The Seward Phoenix Log - News of the Eastern Kenai Peninsula since 1966

By Wolfgang Kurtz
LOG Editor 

City puts leash on shelter


Leon Youngblood | The Seward Phoenix LOG

Seward Animal Shelter’s Shelli McDowell negotiates with a small canine while a saint of a dog is bemused by a noisy pup. McDowell wears at least two hats around the Sixth Avenue shelter, serving as Animal Control Supervisor while also managing the facility’s operations and adoption service.

Seward City Manager Jim Hunt doesn’t know how the rumor came about that the city’s shelter would begin euthanizing animals. But according to him, despite changes in contracting for the operation of the city’s Alice Pickett Animal Shelter, it remain a no-kill facility for the foreseeable future. The rumor was voiced at Monday’s Seward City Council meeting and denied in fewer words by Public Works Director W.C. Casey.
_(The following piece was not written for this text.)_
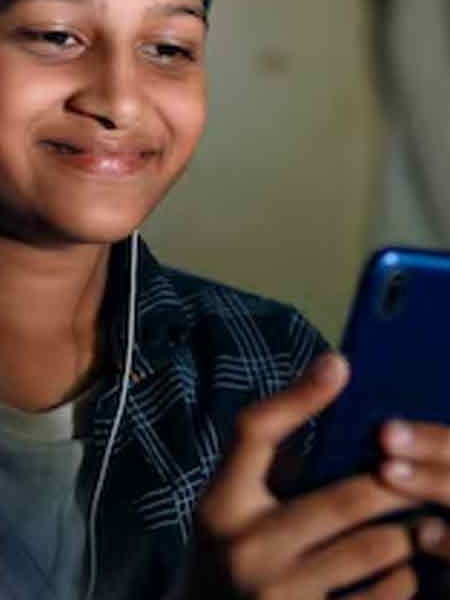 मुलांना त्यांचा स्वतंत्र मोबाईल फोन देण्याचं योग्य वय कोणतं ? - Marathi News | मुलांना त्यांचा स्वतंत्र मोबाईल फोन देण्याचं योग्य वय कोणतं ? | Latest Photos at Lokmat.com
However, according to the city manager, the shelter will become a division of the local government as the practice of contracting out the managerial position and operations for the facility runs afoul of IRS regulations. Because the city is the primary and almost exclusive source of funding and provides the land and building for the shelter, the IRS and insurers won’t allow the contractual arrangement.

According to Hunt the situation came to a head at about the same time as the contract was renewed, so administration is looking at ways of making the transition sooner rather than later, when the annual contract expires. Councilor Rissie Casagranda asked whether moving the shelter to a location off of city property would allow the contracting to continue.

Hunt told Casagranda that part of the regulatory breach would be addressed by such a move but the aspect of the non profit shelter’s source of funds would continue to be an issue ruling out contracting. The city continues to plan for relocation of the animal shelter to other city property and is considering a Fort Raymond site near the new Electric Department warehouse.

Seward’s deteriorating roads continued to be a topic of conversation when Councilor Vanta Shafer questioned Casey concerning progress on moving forward with the State of Alaska Department of Transportation in getting local streets paved. Originally, $5.8 million dollars in federal road project funds along with a list of council priorities was turned over to DOT by the Oates administration.

Because of DOT’s economy of scale in projects and contracting, it would have been to Seward’s advantage to have the road projects administered by the state agency. However, the administration then tried to change the priorities list and disagreements between the city and DOT ensued. DOT shelved the projects and the cash which was then subsequently subject to a federal funds sweep which stripped away $3 million.

Hunt says that the clock is ticking on the remaining $2.8 million, but that city administration and DOT are progessing in getting the projects underway.


Reader Comments

Debbie writes:

Although it is wonderful to hear the shelter called a no-kill shelter by the city manager. It has never been such per contract. The current contract states that the ACO is willing to euthanize. Granted our shelter has been run over the course of the current contract as a no kill shelter with the help of the community and outside efforts. What guarantee does the public have that it will continue to be maintained as a no-kill shelter far past the forseeable future?